[Diy_efi] Ignition Timing

hugh at sol.co.uk hugh
Thu Jul 28 10:59:05 UTC 2005


As a guide for your ignition timing, I find that 24? to 28? advance at .5
bar of boost is a normal and 14? to 18? at 1.5 bar boost and 8? to 12? for
2 bar boost is normal on my engine.

I have used straight output from the standard NTK knock sensors graphed on
the screen of my laptop and found the output to be pretty hard to work with.

You will find a spectral analysis of an engine with detonation at the
following link http://www.sol.co.uk/h/hugh/Knock/Knock%20output.jpg which
shows you that the knock events occuring at just above 6 kHz are lower in
volume (darker colour )than the general engine noise at 4kHz, which means
you will not easily hear them without some form of notch filter.

There are a number of knock boxes around, but the manufacturers do not tell
you much about the way that they work.
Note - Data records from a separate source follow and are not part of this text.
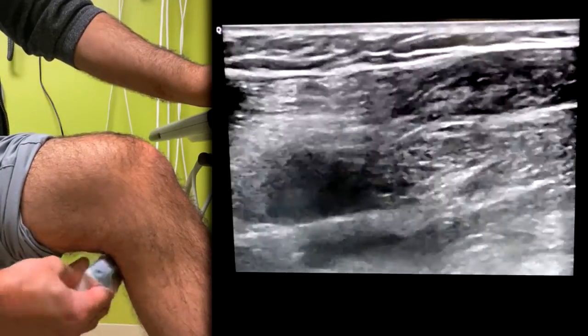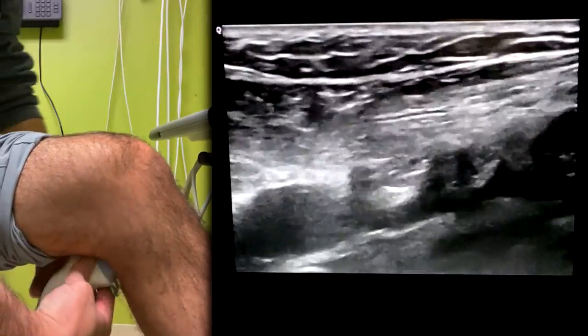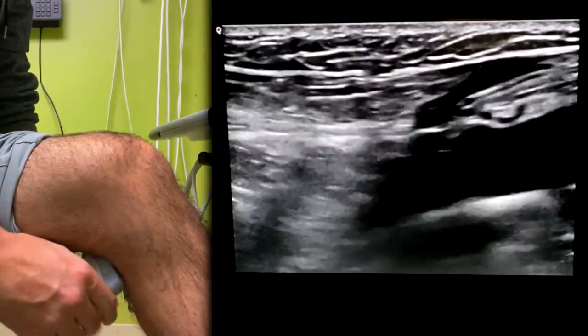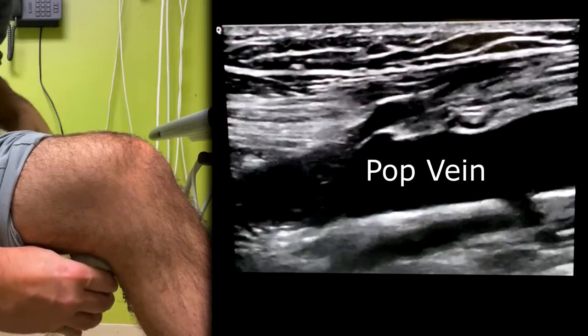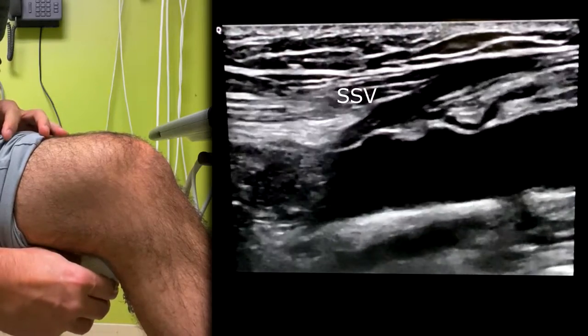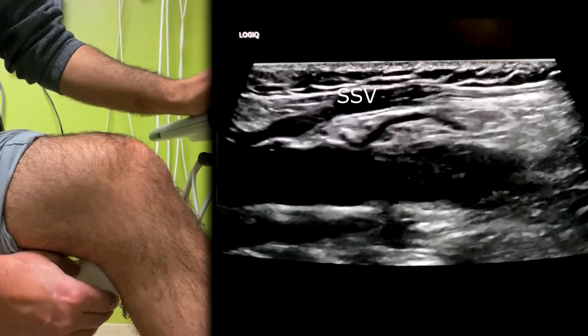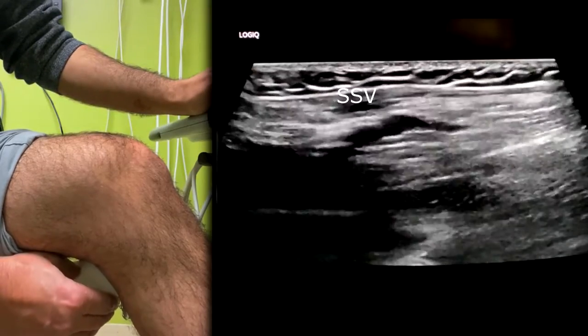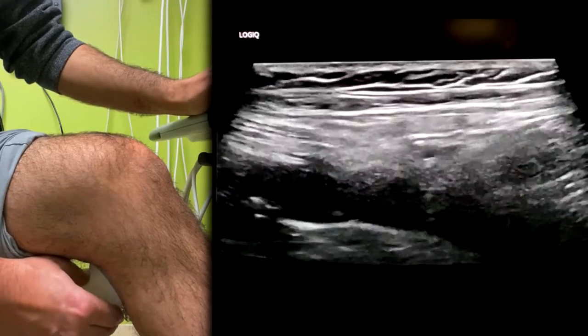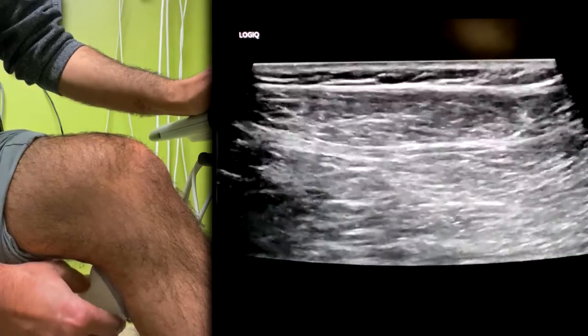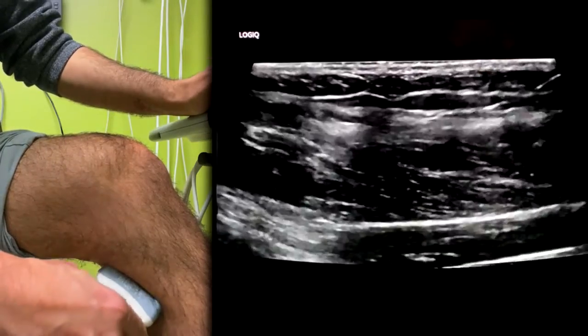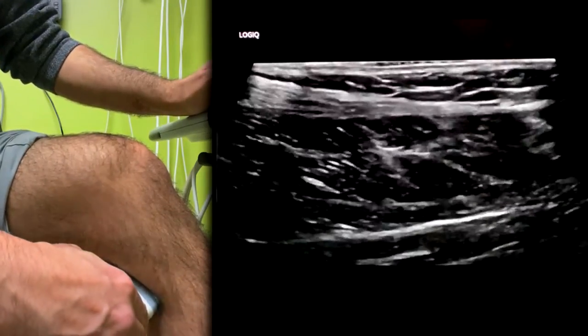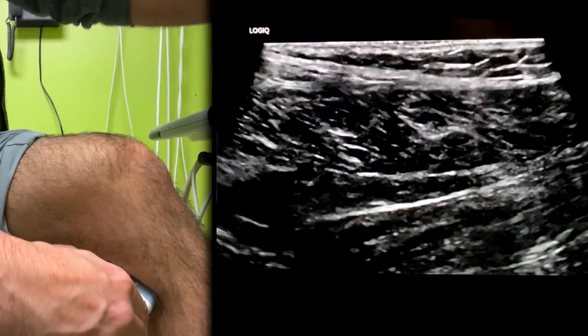You can go sagittal right there. As you go down from here, you're going to want to come medial there in order to get the tibial peroneal trunk.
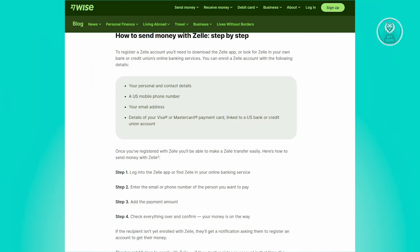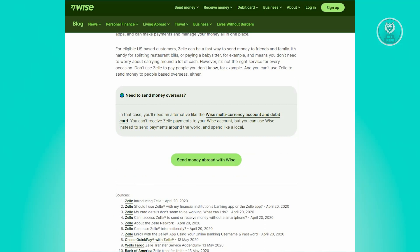First, we need to get more details about sending from Zelle to WISE. We have to confirm if it's actually possible. According to WISE's own website, you can't receive Zelle payments to your WISE account. You could still use WISE or Zelle to send payments internationally, but currently it is not possible to send directly from Zelle to WISE. You can use their services to make transfers to other accounts, like another bank account you already have.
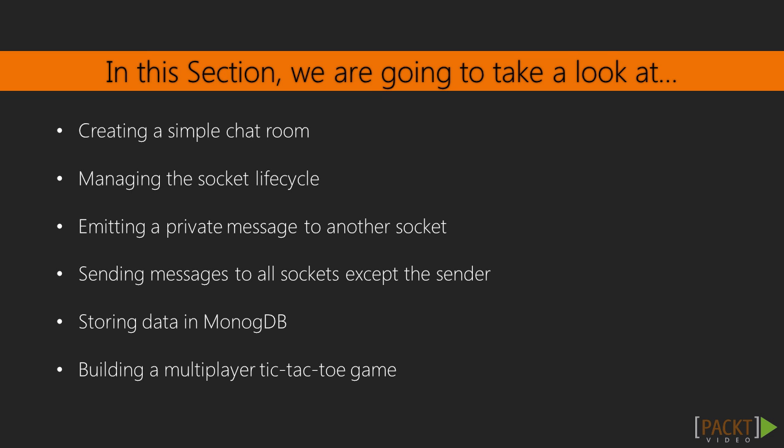In this section, we will work through various examples of two-way Socket.io communication. We will implement various tactics to make bidirectional communication work for our specific needs.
Some have no filtering and are not
going to help you much.

Hugh

I do have an EMS that's capable of using my stock knock sensor.  I'm
actually pretty impressed with its knock response that I am able to
setup.  

I think I already have my answer.  Thank you so much for your input, all
of you!  

One more question, more along the lines of technique.  Do any of you use
knock boxes?  Do you like them, or do you just prefer to use the stock
knock sensor's output displayed on the screen against known engine
noise?   

-----Original Message-----
From: diy_efi-bounces at diy-efi.org [mailto:diy_efi-bounces at diy-efi.org]
On Behalf Of Adam Wade
Sent: Wednesday, July 27, 2005 5:15 PM
To: diy_efi at diy-efi.org
Subject: RE: [Diy_efi] Ignition Timing

--- "Becker, Damon (Damon)" <damonb at avaya.com> wrote:

> I suppose I'm advocating relying on the knock sensor as little as 
> possible.

If your engine is knock-limited, then you want to detect knock, either
through an acoustic/piezo sensor or ion sensing.  It's one hell of a lot
easier than trying to make a map to account for all possible conditions
on a turbo'd vehicle.

> I realize the OEMs do this, but my aftermarket EMS might not be 
> capable of doing the same things as the OEM setup.
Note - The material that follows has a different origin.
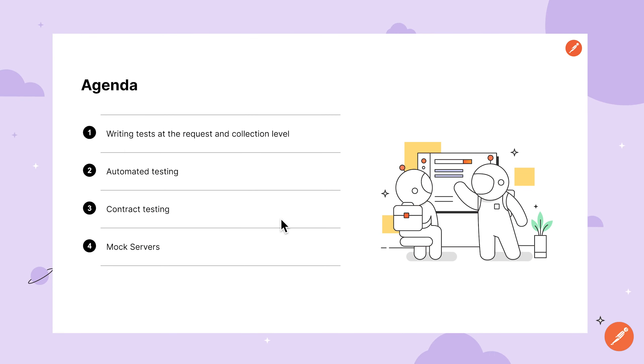In this video, we'll walk through how to test APIs in Postman. We'll start with the basics of writing tests against JSON responses, then cover ways you can test against XML APIs. We'll look into automating tests using the Collection Runner, Postman CLI, and CI-CD providers, then take a brief look at contract testing from both the producer and consumer perspectives. We'll then wrap up with a brief introduction to mock servers. Let's begin.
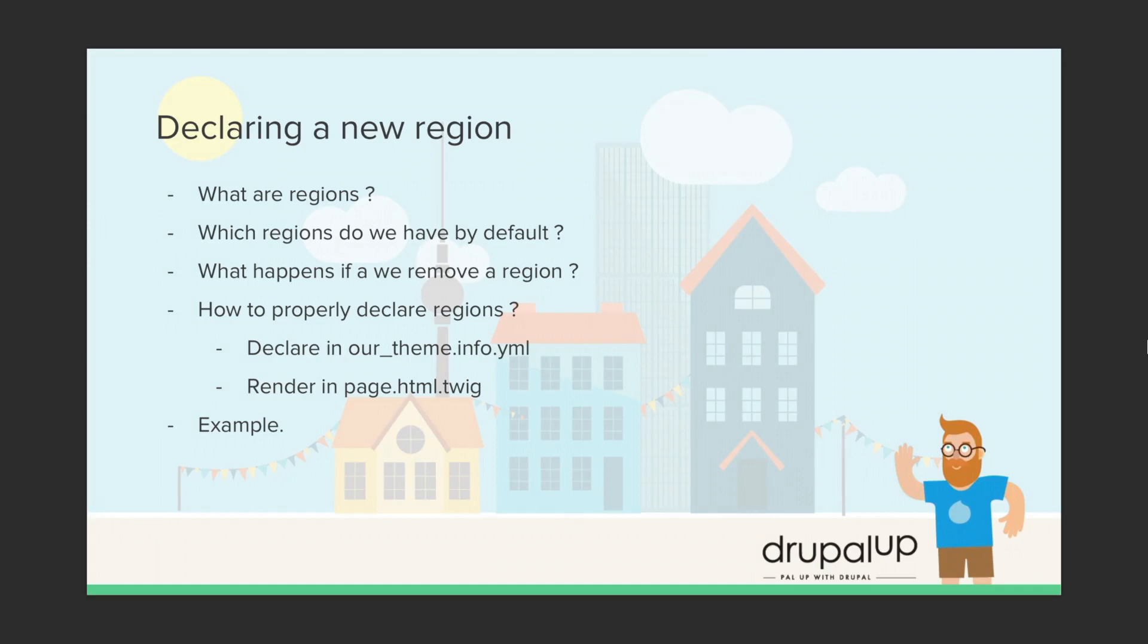In this video we're going to be declaring a new region. We're going to learn what are regions, which regions do we have by default, what happens if we remove a region, and how to properly declare regions with an example.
I'd seriously consider finding one that could take input from a knock
sensor, if you're using an engine that is knock-limited.

> Besides, doesn't that amount to a band aide on a poorly-done mapping 
> job?

Huhwha?  Knock limiting is designed to get the most power possible with
low emissions, and is done almost universally on car engines today.  You
can't make any more power from the engine that running at the knock
limit, unless you add water injection or change the compression ratio
(or lower the boost, or use a bigger intercooler).
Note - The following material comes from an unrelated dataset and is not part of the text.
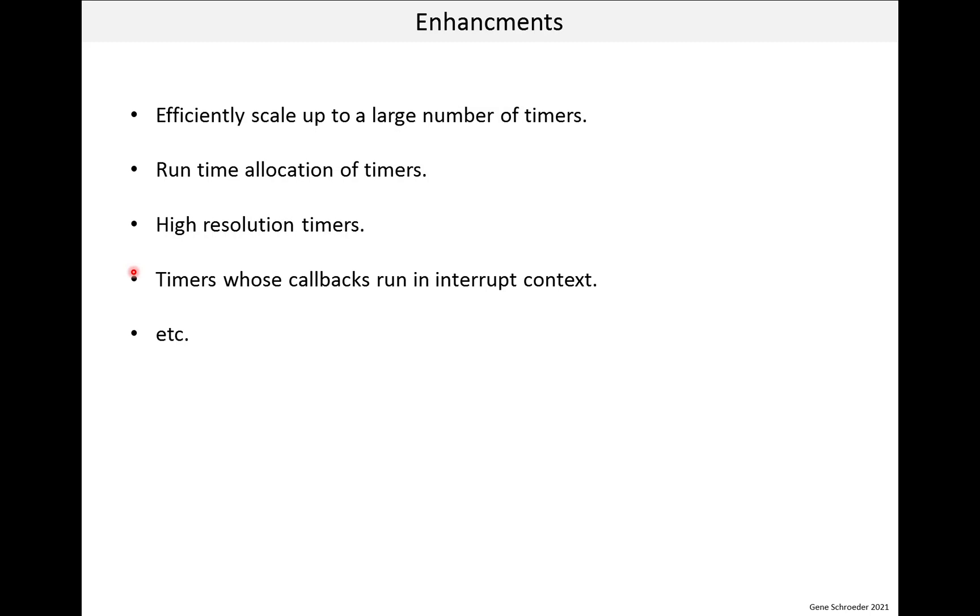And finally, if you do have high resolution timers, you often need the handlers, the timer handlers to execute immediately. So this would mean an option probably to have the callbacks occur in the interrupt context. This again is what the Linux kernel has done. So this can make the software more complex. You have to worry about race conditions and so forth. But this might just be the price you pay for higher performance. So that's it for timers, and thanks again for watching.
> As for the compensation maps, setting a map means holding all else 
> constant and making measurements relative to that map.  Since that's 
> difficult or impossible, you have to rely on theory and give a buffer.

If you're using a knock-limited engine, expect your "conservative" map
to lose a lot of power over running on the verge of knock.  I wouldn't
begin to be able to suggest anything theory-wise that would allow a
computational-based (yet accurate) knock limit advance curve for an
automotive turbocharged app.

> So if the theory says 1 degree for ever 20 *C of intake charge, then 
> give it 2 degrees and call it good?

What about boost pressure?  Coolant temperature? 
You're going to have a great number of mpas all being used together for
the same calculations (or a number of multi-dimensional matrices
combining several of the variables).  I would be pretty amazed if you
could get good power and stay out of knock usion theory-based maps alone
on a knock-limited turbo vehicle.  It's much easier to do on a vehicle
that isn't knock-limited, as you're not having to try and estimate where
knock will occur; you're shooting for MBT.